Verbatim output of the lines below is required, with the images omitted.

*DATA PROVIDED*:
· · · ·

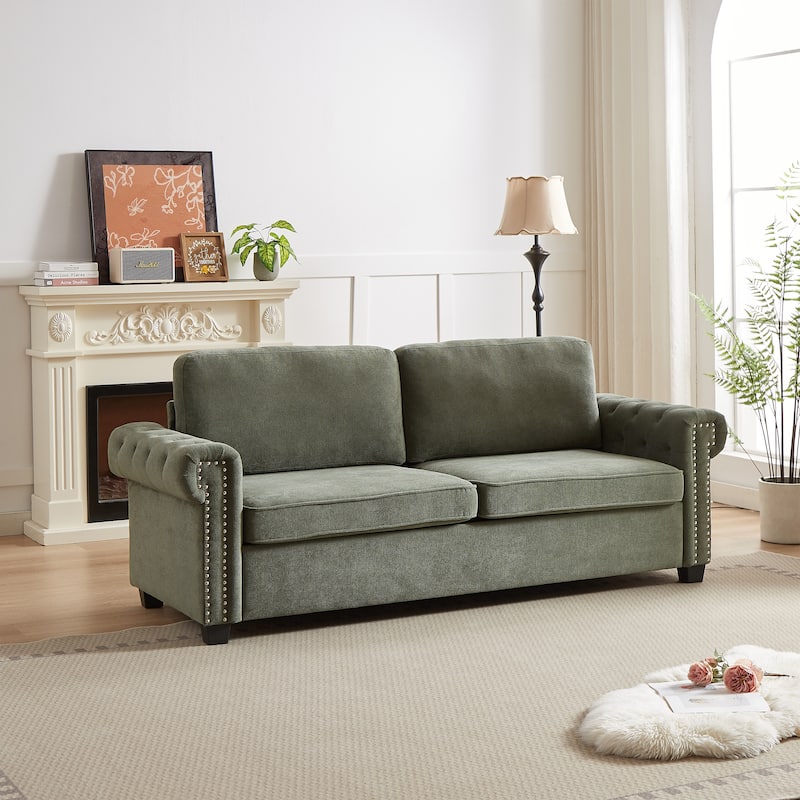 83.8" Convertible Sleeper Sofa,Sectional Sofa with Pull out Bed - Green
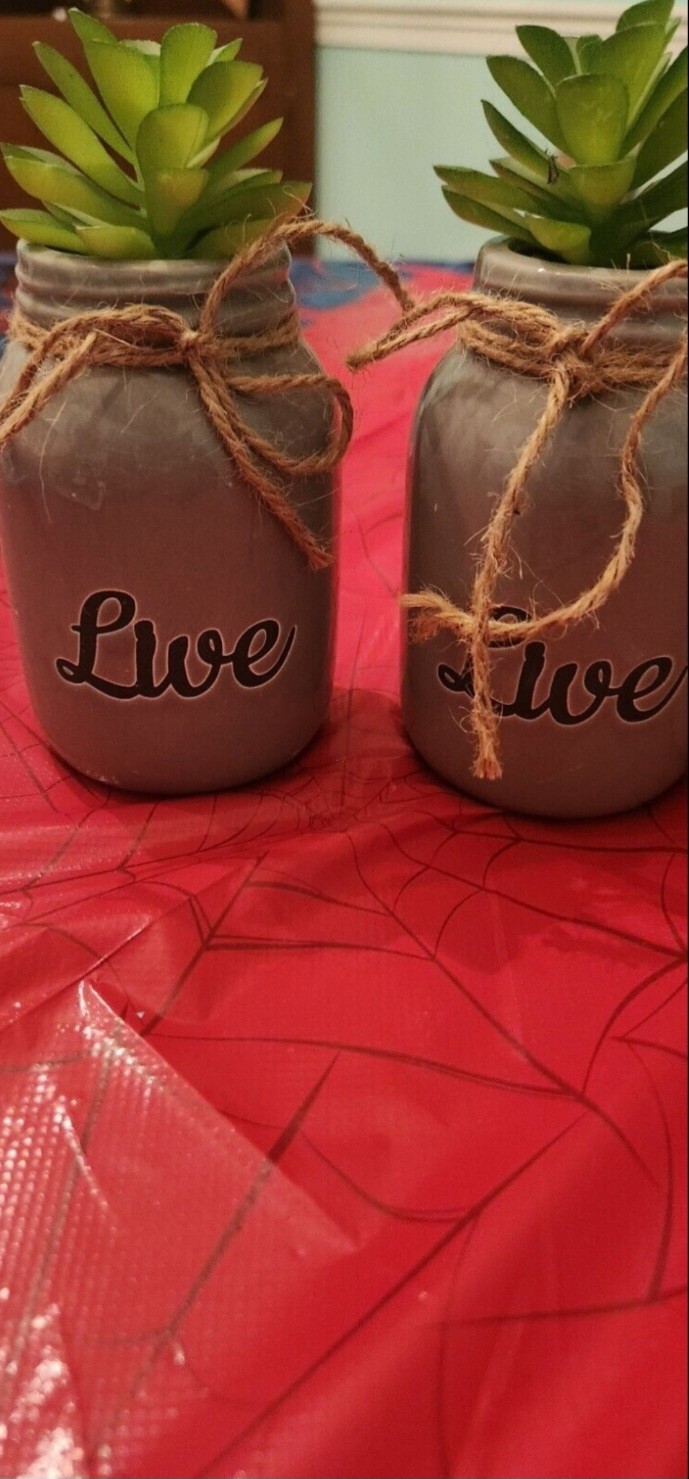 5 Pc Faux Plant “Live And Laugh” Set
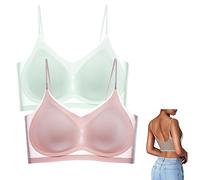 2 Pièces Ultra-Thin Ice Silk Lifting Bra, Soutien-Gorge sans Couture Ultra-Fin en Soie Glacée, Soutien-Gorge de Sport en Soie Fine pour Femmes avec Coussin Amovible pour Respirant,2PC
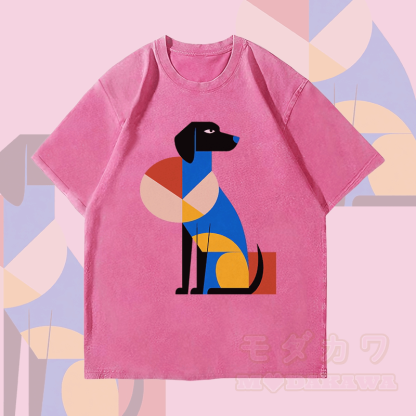 MODAKAWA Unisex-T-Shirt mit geometrischem Hundemotiv im Vintage-Stil - Rosenrot - 4XL - image 1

· · · ·

*EXPECTED OUTPUT*:
 83.8" Convertible Sleeper Sofa,Sectional Sofa with Pull out Bed - Green
 5 Pc Faux Plant “Live And Laugh” Set
 2 Pièces Ultra-Thin Ice Silk Lifting Bra, Soutien-Gorge sans Couture Ultra-Fin en Soie Glacée, Soutien-Gorge de Sport en Soie Fine pour Femmes avec Coussin Amovible pour Respirant,2PC
 MODAKAWA Unisex-T-Shirt mit geometrischem Hundemotiv im Vintage-Stil - Rosenrot - 4XL - image 1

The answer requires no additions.